§ **Prompt**: Please restate each line of the data that follows word for word, skipping any image.

§ **Source data**:

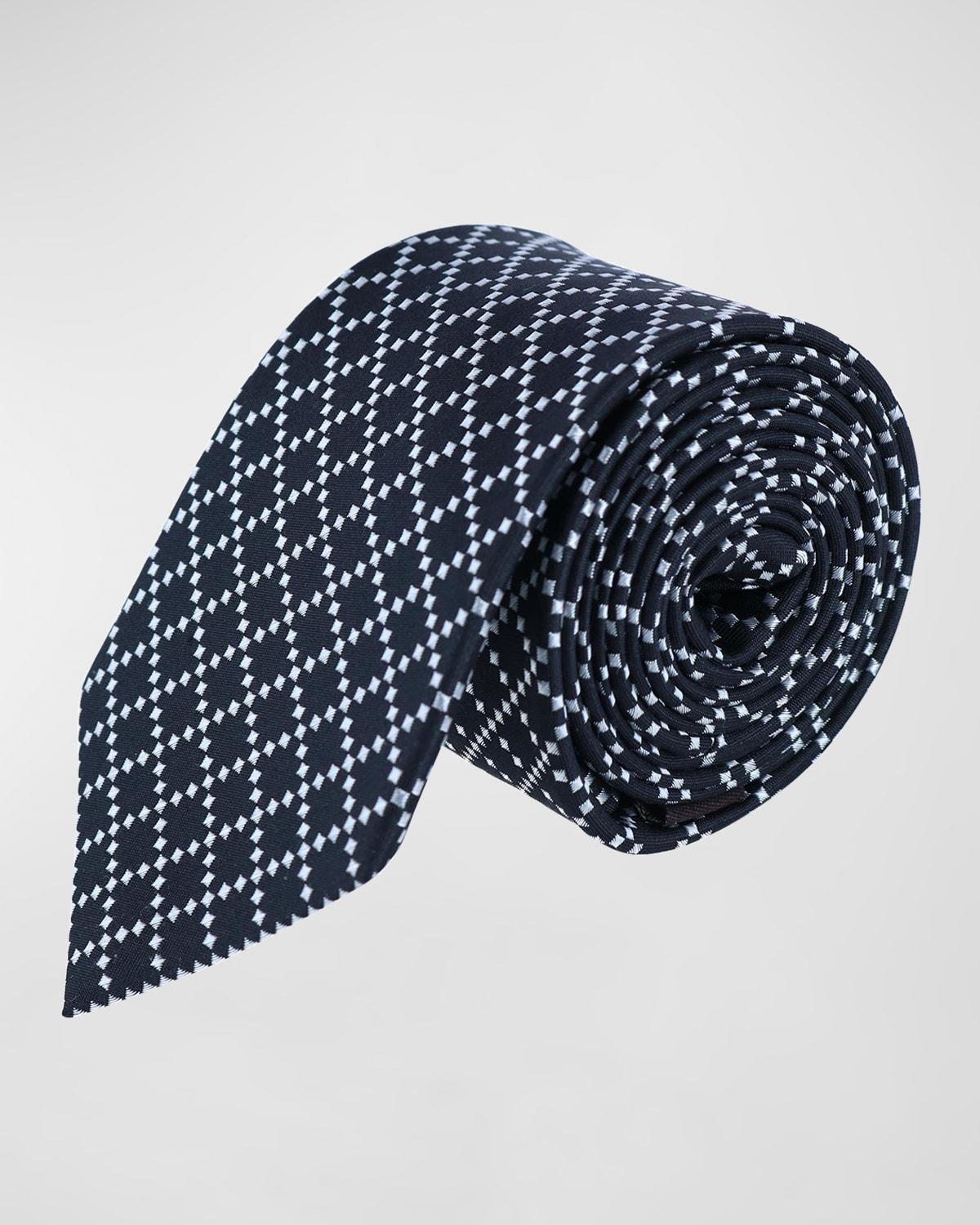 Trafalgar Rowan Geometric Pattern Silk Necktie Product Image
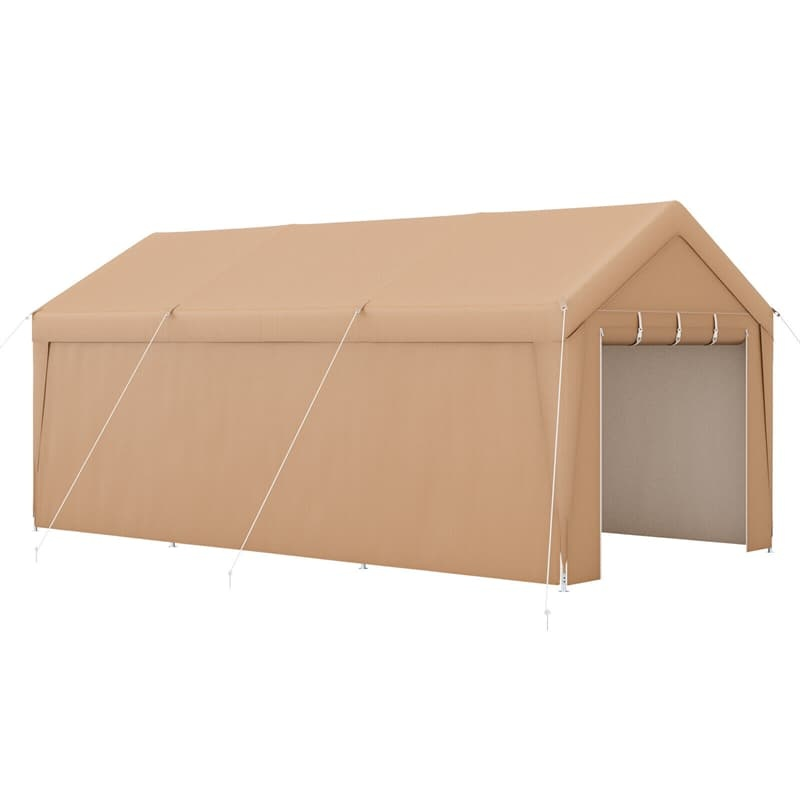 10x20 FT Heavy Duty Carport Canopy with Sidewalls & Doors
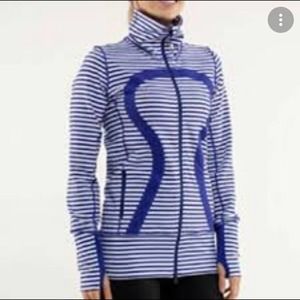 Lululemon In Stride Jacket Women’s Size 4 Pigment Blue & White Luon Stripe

§ **Result of this exercise**:
 Trafalgar Rowan Geometric Pattern Silk Necktie Product Image
 10x20 FT Heavy Duty Carport Canopy with Sidewalls & Doors
 Lululemon In Stride Jacket Women’s Size 4 Pigment Blue & White Luon Stripe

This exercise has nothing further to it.